Maia, you taught me more about myself than I could have otherwise learned in a lifetime. You taught me patience (a concept I still struggle with) and love. Most of all, you taught me how to be brave. Because of you, I weathered storms I thought would kill me. Thanks to you, my life was flooded with love. Every day is a lesson with you. I don’t think there will ever be a day when you won’t teach me something new. I’ve made and will surely make many mistakes, but I am learning to be a bit more like you and notice the good you see in me. For all that, thank you.
Robin, you allowed me to enjoy motherhood without any pressures taking away from that joy. Your sweetness was just what I needed at a time when I risked becoming bitter and resentful. You’re such a joy to be around, the perfect companion to your sister and a sidekick to a mum who will miss you sorely once you start school. You still think you are part of me and I feel the same way about you. Actually, I still feel like that about your sister too, so I doubt I’ll ever cut the cord that ties us together.

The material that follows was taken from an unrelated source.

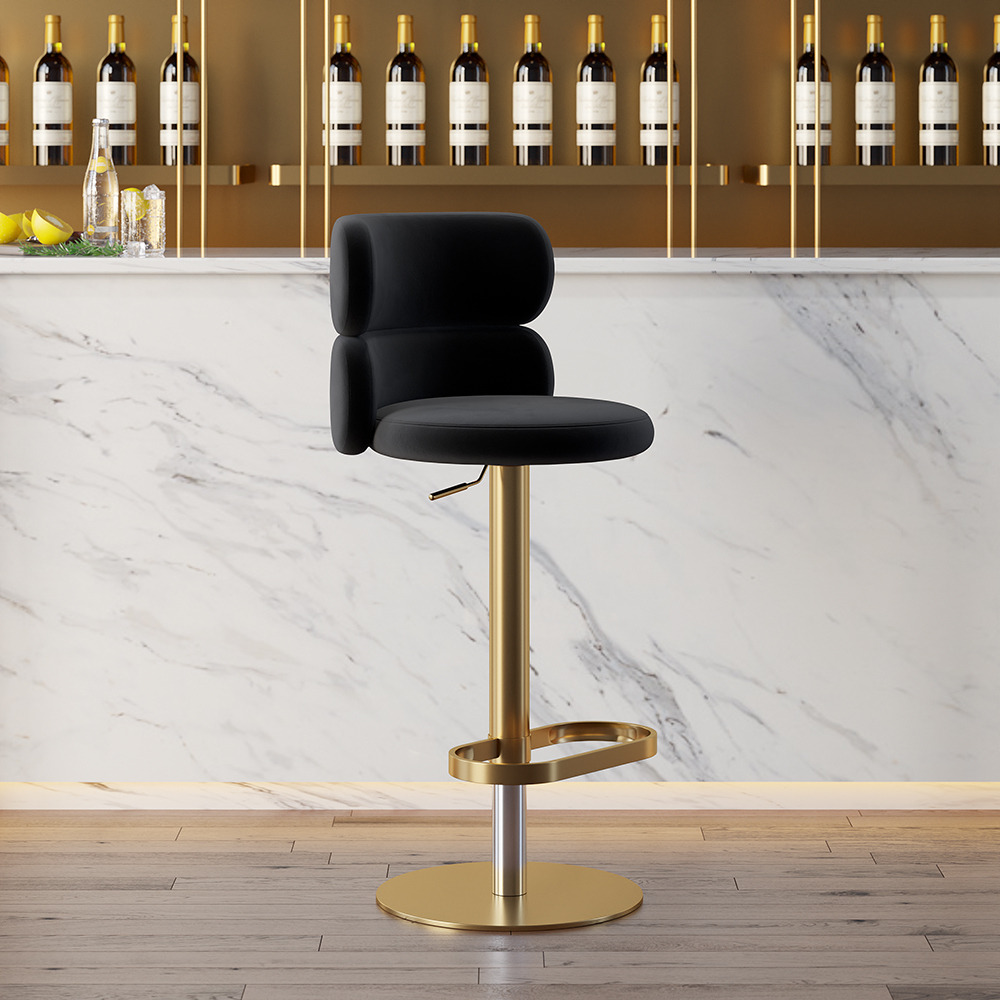 Black Velvet Swivel Bar Stool with Full Back & Gold Pedestal Base Adjustable Counter Height Bar Stools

I am writing this today because you recently taught me the biggest lesson there is to learn about parenting. You both taught me to let go. As I just said, I doubt I’ll ever feel ready to let you go into the world, but I know it’s inevitable. Robin, I might have procrastinated for months, but I finally had to fill in that playschool application for you. At the end of the day, this shouldn’t be about me and my feelings but about giving you all the opportunities you need to thrive.
Maia, the biggest lesson to date was delivered by you last week. You had been begging us for a couple of years to have your ears pierced but both your dad and I refused to allow it. There are many reasons why we thought you were still too young for earrings and I know that we will probably laugh at ourselves when you’re a grown woman sporting chandelier earrings, but I suspect that the biggest reason was wanting to keep you the way you always had been. We couldn’t let go. When we finally said yes (I had to convince your dad, even though I wasn’t convinced myself), we witnessed a transformation in you. The most obvious one was the earrings on your earlobes, a sight we both still have to get used to. What I noticed, though, was how happy it made you to know that we acknowledged your desires even when they went against our own. I was reminded that this is what parenting is all about. We try to raise children the way we think is best and have dreams and hopes for them, only to have to backtrack and let go of our own dreams so that those of our children can take root and blossom.
All this to say thank you. To both of you. You’re amazing persons and I couldn’t love you more if I tried.